Aug 4, 2014

Boehner: Where is the Constitutional Convention?

Mark Levin is a nationally syndicated radio host who served as chief of staff in the Justice Department during the Reagan Administration and whose book: The Liberty Amendments: Restoring the American Republic, states that state legislatures should use the authority granted them in the Constitution to call a convention to propose amendments to the Constitution.
It was a Constitutional Convention of 1787 that worked out what was in the articles and amendments of the Constitution of the United States that replaced the Articles of Confederation adopted in 1777.
In spring of 2014, Rep. Duncan Hunter (R-CA), asked the House Speaker, Boehner, for clarification to where the state count stands in the drive to reach a two-thirds majority for a constitutional convention to be called.

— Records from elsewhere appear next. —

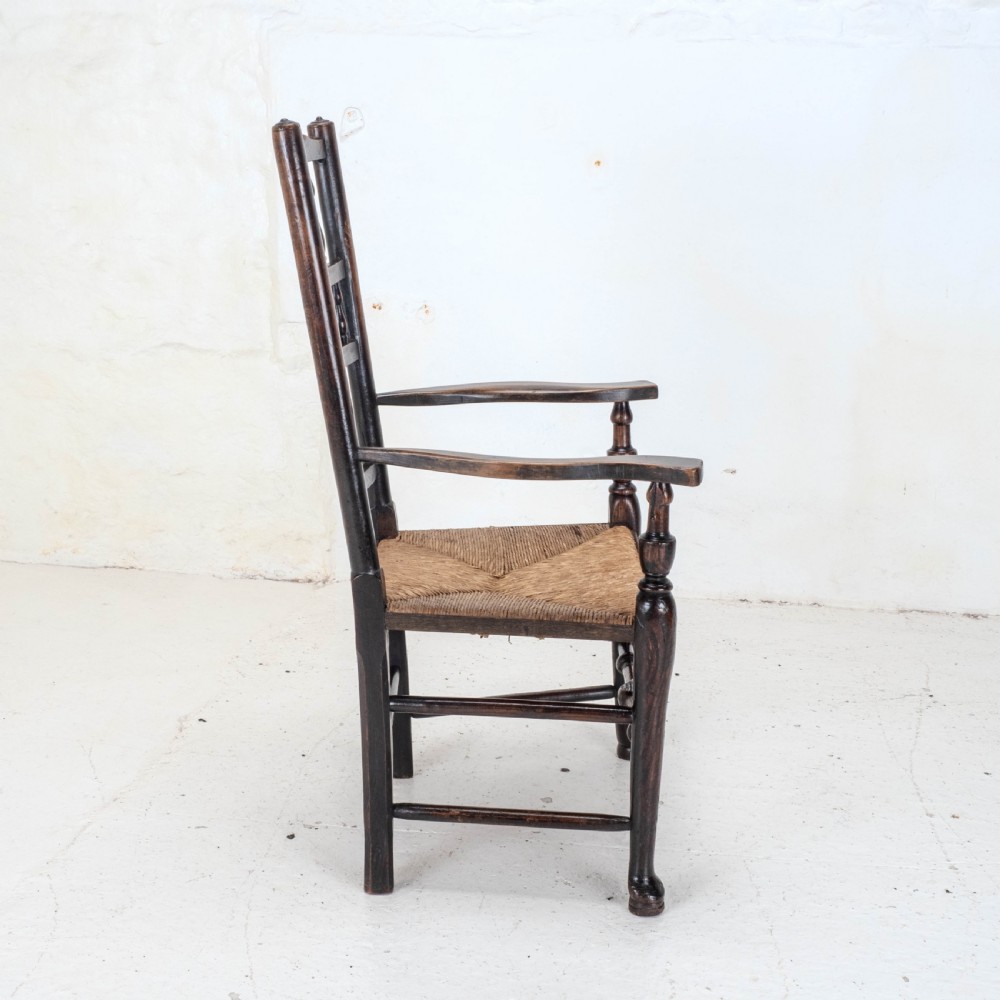 C19th Elm Ash & Beech Lancashire Rush Seat Country Carver Armchair View VII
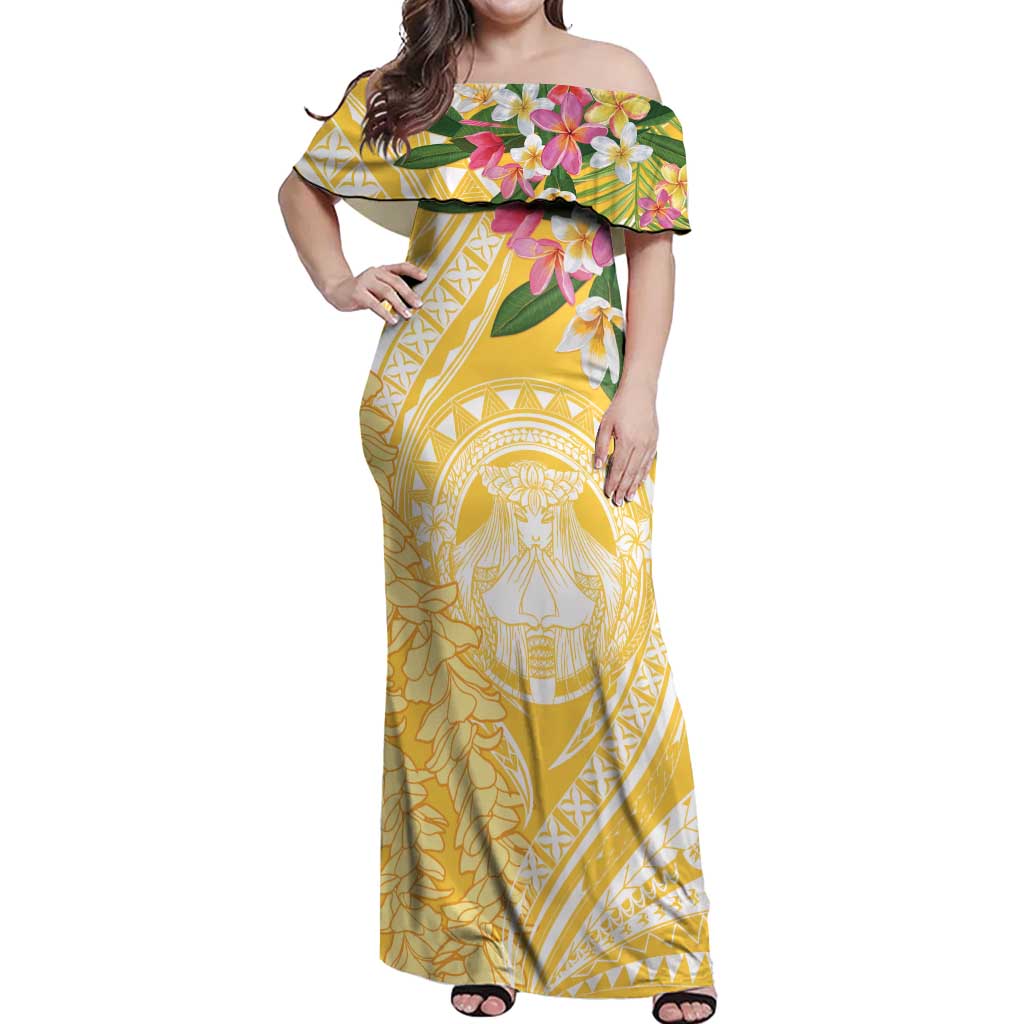 Aloha Hawaii Oahu Off Shoulder Maxi Dress Wahine with Ilima Lei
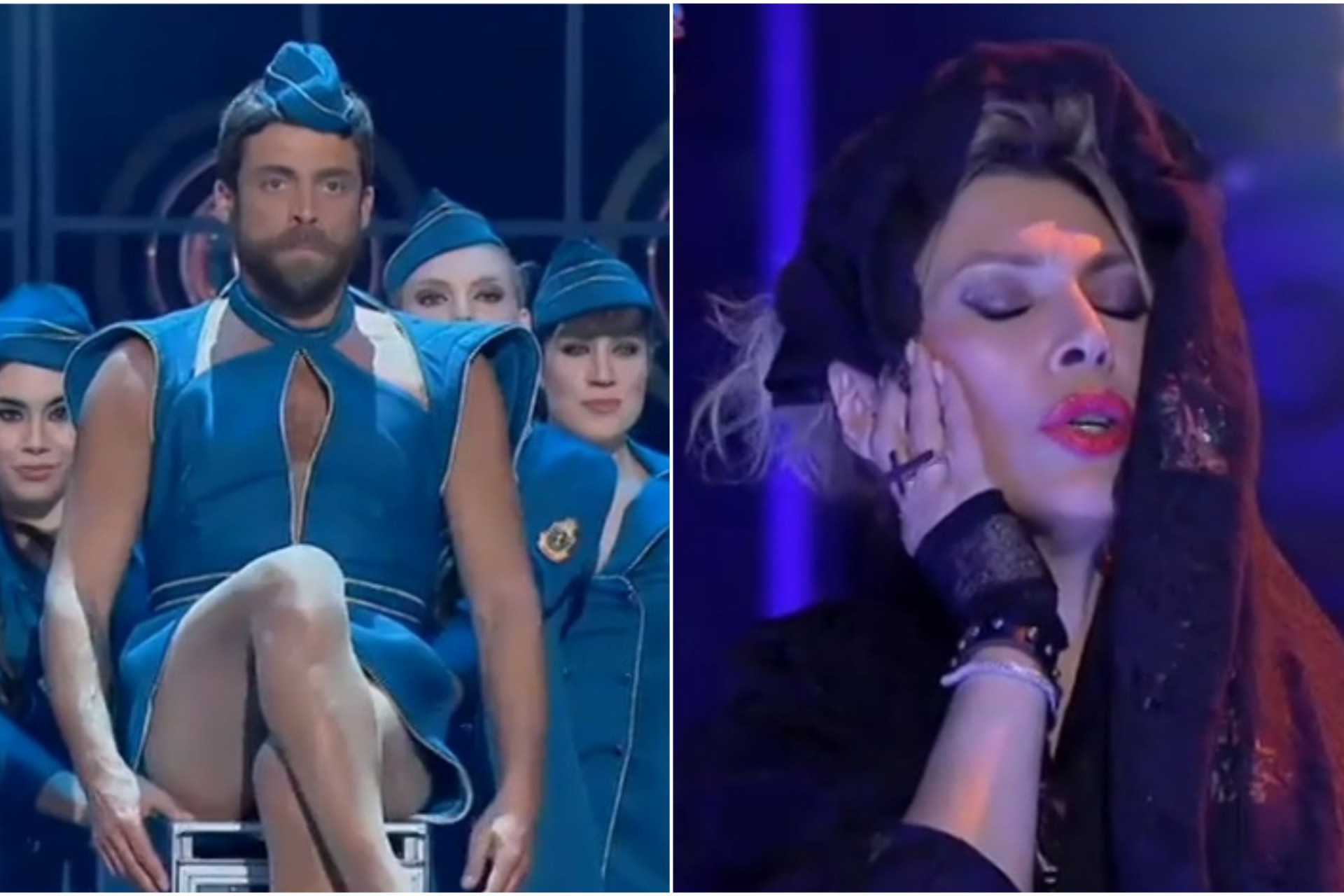 Diogo Amaral vestido de Britney Spears e Clara de Sousa em modo Madonna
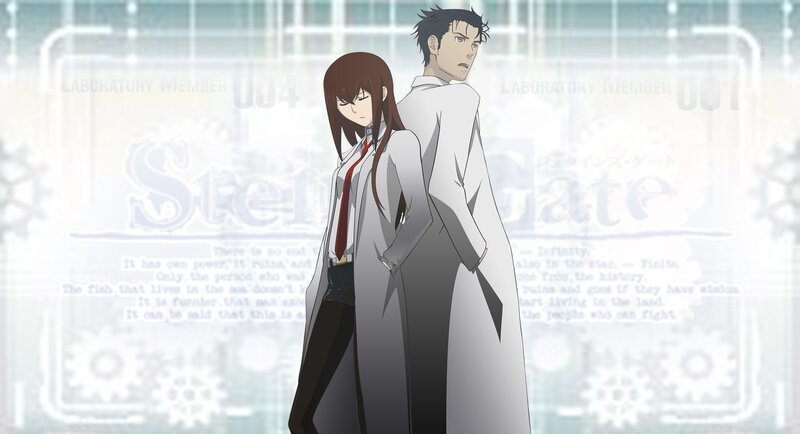 Two Anime Characters — White, Dramatic, Lab Coats, Text Overlay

It is now August of 2014 and nothing has been heard from Boehner on the subject, and his decision has been “hindered” by some states withdrawing their convention requests.Article V of the US Constitution states that Congress shall call a convention for proposing amendments – when enough states request it.
The idea was to pass a balanced-budget amendment, but other important issues should be resolved:
  • Repeal 16th Amendment and replace income tax with consumption tax at a flat rate, thereby taking government hands out of Americans' paychecks.
  • Recent email suggested that an amendment be added to the US Constitution that reads: Congress shall make no law that applies to the citizens of the United States that does not apply equally to the Senators, President of the United States, their employees, Representatives of Congress; and, Congress shall make no law that applies to the Senators and/or Representatives that does not apply to the citizens of the United States …
  • Limited consecutive terms of Senators and Representatives, members of Congress.
Congress has voted itself a retirement program, despite already having social security system which they expect other citizens to use. Elected officials, unlike employees, should not receive taxpayer funded retirement benefits.
This would be a good issue to present to your congressional member asking for your vote this election year.